The agency’s Office of the Inspector General reached the conclusion based upon an independent review of costs; however, the highly redacted report shields that information from the federally insured credit unions that are repaying corporate losses through assessments.
Those legal costs are subtracted from settlement amounts received from the suits, which are attempting to recover losses that resulted from securities sold by investment banks to corporate credit unions.
The information is of interest to credit unions because settlement monies are to be applied to the outstanding corporate stabilization fund balance, and would reduce future corporate assessments.
What DeSarno did make public is the revelation that the NCUA’s Office of General Counsel, at the time led by now-retired Robert Fenner, considered whether to even proceed with the suits at all due to the “enormous amount” of time and money that would be required and the “considerable risk” that the suits could result in little or no recoveries.
However, Fenner’s office concluded that it had a responsibility to attempt to recover as much of the $16 billion worth of losses sustained by the corporates as possible.
The OIG also concluded that it supports the NCUA’s position regarding its exemption from a George W. Bush-era executive order that prohibits contingency agreements for federal agencies, a point Issa pressed when he first questioned the arrangements last October.
“NCUA as conservator ‘steps into the shoes’ of the credit union and is no longer functioning as a government agency,” the OIG report said in its summary of findings.
The OIG report sourced outside legal opinions gathered by Fenner and his office, and a 2007 legal opinion from the FDIC that concluded the banking regulator is also not required to adhere to the executive order.
The report also included opinion from the Federal Housing Finance Agency in which the FHFA said it is not bound by the executive order, but “it acknowledged the prevailing government policy under the “E.O” that outside counsel should be retained on an hourly basis.”
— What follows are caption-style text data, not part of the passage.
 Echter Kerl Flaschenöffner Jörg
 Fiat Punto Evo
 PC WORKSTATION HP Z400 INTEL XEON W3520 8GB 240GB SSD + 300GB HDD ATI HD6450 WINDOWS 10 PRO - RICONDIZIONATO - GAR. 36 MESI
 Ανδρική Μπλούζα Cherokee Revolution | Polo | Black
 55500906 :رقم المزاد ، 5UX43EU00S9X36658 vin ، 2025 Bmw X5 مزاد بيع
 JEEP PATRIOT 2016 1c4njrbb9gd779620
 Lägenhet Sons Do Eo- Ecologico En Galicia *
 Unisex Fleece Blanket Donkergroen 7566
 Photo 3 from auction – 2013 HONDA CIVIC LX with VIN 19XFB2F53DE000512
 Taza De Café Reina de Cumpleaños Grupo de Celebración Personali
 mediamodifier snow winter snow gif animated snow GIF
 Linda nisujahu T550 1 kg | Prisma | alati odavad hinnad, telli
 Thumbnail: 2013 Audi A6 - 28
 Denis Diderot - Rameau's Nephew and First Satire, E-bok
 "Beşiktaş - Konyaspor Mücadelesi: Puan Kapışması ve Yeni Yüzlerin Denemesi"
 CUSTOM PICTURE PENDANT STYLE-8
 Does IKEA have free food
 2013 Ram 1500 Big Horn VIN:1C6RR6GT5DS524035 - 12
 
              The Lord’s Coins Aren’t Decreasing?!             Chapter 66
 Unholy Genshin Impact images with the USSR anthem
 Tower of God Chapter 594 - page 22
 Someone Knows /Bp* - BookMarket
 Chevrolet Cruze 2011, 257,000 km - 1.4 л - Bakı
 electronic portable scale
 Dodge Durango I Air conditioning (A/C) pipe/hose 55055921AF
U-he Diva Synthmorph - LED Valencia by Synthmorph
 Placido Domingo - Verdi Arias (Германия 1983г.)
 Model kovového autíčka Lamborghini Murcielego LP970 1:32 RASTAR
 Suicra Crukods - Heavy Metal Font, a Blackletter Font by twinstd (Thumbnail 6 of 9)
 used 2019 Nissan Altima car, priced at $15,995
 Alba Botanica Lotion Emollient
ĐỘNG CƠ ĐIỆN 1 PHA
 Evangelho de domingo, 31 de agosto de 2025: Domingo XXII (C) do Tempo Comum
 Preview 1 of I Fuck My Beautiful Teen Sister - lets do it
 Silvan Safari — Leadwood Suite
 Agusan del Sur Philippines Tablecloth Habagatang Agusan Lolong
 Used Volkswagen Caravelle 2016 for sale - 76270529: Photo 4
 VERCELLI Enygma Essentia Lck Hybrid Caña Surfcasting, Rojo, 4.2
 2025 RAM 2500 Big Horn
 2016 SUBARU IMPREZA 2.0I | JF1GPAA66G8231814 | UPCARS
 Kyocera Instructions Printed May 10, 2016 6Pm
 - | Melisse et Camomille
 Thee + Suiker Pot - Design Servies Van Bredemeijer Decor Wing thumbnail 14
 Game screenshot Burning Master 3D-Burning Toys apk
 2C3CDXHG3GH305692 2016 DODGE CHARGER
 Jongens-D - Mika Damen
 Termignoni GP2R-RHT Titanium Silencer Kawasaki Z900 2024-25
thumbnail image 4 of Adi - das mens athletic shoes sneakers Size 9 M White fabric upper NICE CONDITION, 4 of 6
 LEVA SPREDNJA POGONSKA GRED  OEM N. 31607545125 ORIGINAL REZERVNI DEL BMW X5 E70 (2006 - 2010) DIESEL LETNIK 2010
The FHFA also noted that it relied heavily upon staff attorneys at Fannie Mae and Freddie Mac to conduct “the lion’s share of the fee review work.”
The OIG also investigated charges raised in October by the Wall Street Journal that the NCUA selected its firms based upon political affiliation, because partners in both retained firms have public records of donations to Democratic candidates. Current NCUA Chairman Debbie Matz is also a Democrat.
However, the decision to retain the firms was deliberated under Republican Michael Fryzel’s chairmanship, and the NCUA signed the agreements one week prior to Matz’s swearing in on Aug. 24, 2009.